A membrane potential model with counterions for cytosolic calcium oscillations

Abstract

An initial model has been proposed to describe a mechanism for cytosolic calcium oscillations [Jafri MS. Vajda S. Pasik P. Gillo B. (1992) A membrane model for cytosolic calcium oscillations: a study using Xenopus oocytes. Biophys. J., 63, 235-246]. In this paper we extend our original model to include the effects of counterion movement into the ER in response to calcium release. This produces smoother oscillations over a wider parameter range. We have lowered the endoplasmic reticulum (ER) intraluminal free calcium concentration and shown that the oscillations can occur at lower ER membrane potentials, consistent with physiological values.

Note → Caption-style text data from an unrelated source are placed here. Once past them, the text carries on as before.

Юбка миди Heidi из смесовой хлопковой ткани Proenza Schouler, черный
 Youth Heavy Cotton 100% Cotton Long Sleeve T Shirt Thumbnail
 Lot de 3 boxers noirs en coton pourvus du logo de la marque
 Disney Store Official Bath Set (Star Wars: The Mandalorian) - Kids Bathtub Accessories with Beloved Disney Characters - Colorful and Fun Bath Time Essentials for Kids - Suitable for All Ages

The improved model is then tested with two representative paradigms that are currently under investigation by many researchers. The model predicts that the reduction of the ER calcium pump (Ca-ATPase) rate can cause the termination of cytosolic calcium oscillations in an active cell, and induce oscillations in a resting cell. This result is consistent with experiments with thapsigargin, a Ca-ATPase activity inhibitor. In addition, we simulate the latency period for the response to the application of agonist and offer a plausible explanation for it. Our mathematical model is currently the only model that formulates the contributions of calcium binding proteins, ER membrane potential, ER counterion movements, and distinct calcium pump populations, and describes their effects on cytosolic calcium oscillations.